Sessmatch does not make it any easier for an SBC in the
signalling path to change the content of the MSRP messages.
For an SBC to do MSRP message modification it will have to
implement MSRP B2BUA functionality - no matter if sessmatch
is supported by the endpionts or not.
I'm going to have to push on this one a little bit:
I think it _does_ make it easier for an SBC to change MSRP
messages because it makes it easier for the SBC to put itself
into the media path in the first place. This is no different
than for any other sort of media.
The need to implement MSRP b2bUA functionality exists if the
SBC changes the To-Path and From-Path headers. It may or may
not be required if it wants to change _bodies_, depending on
whether that change requires chunk-reassembly or changes the
length of the body. And assuming, of course, there is no
end-to-end protection on the MSRP messages in the first
place--and we all know that in practice there probably won't be.

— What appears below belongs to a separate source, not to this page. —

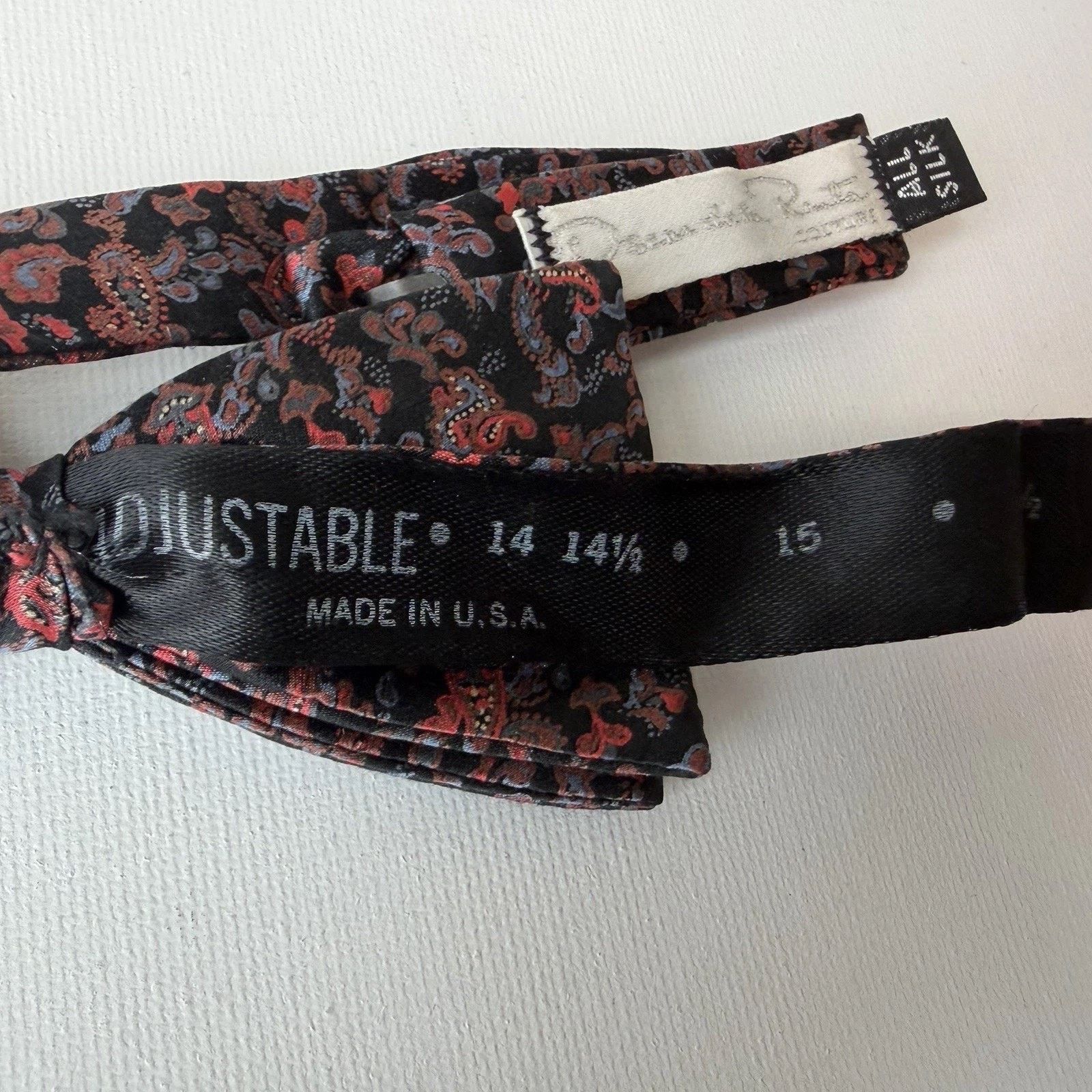 Oscar De La Renta Oscar de la Renta Vintage Silk Bow Tie BlackRed Paisley USA Size ONE SIZE - 5 Thumbnail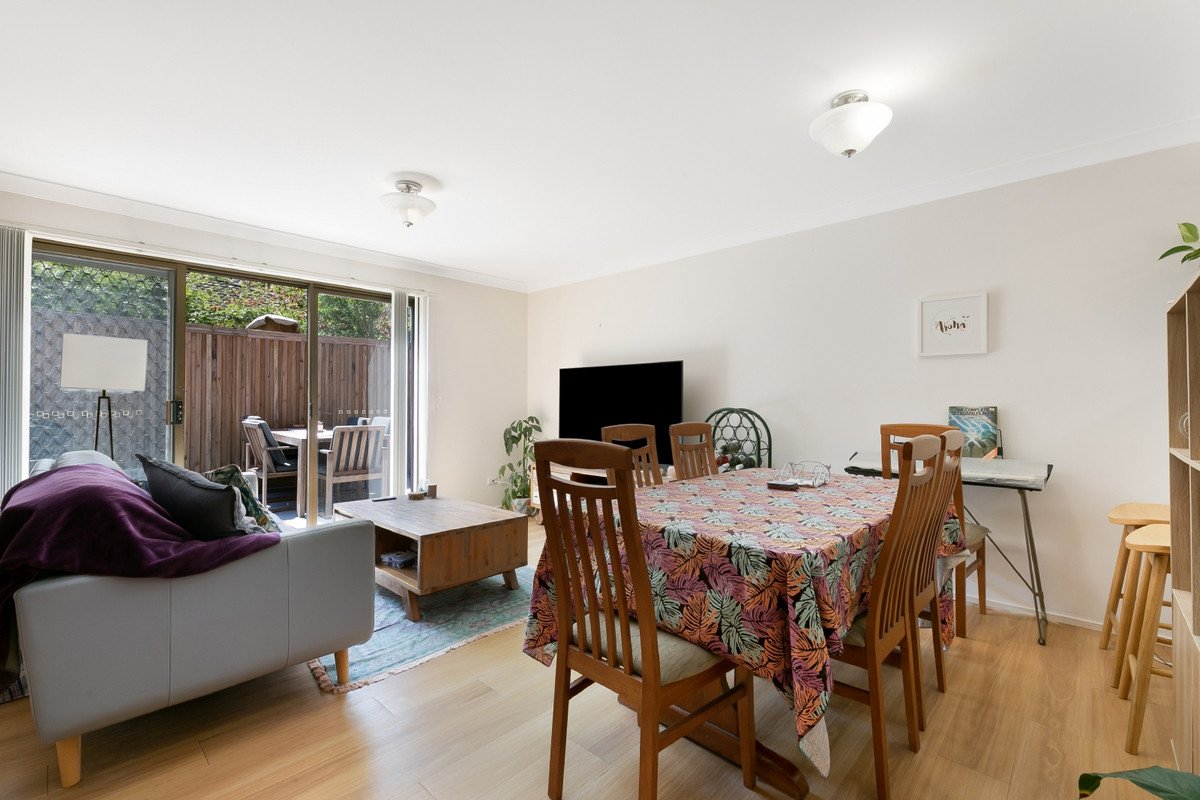 4/29 Julia Street Burleigh Heads 8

I think what Christer is talking about is, if sessmatch did
not exist, then if an SBC were to insert itself into the MSRP
media path, it would be _forced_ then to rewrite the To-Path
and From-Path in each MSRP request to match the change it
made in the SDP. If it did not do so, the endpoints would
detect the change and treat it as an error. That is,
sessmatch does not enable the insertion in the first
place--it just makes things cheaper from a processing perspective.
Note that any end-to-end integrity protection on the SDP,
such as RFC4474 or s/mime, will prevent SBC insertion, with
or without sessmatch. Just like for any other media.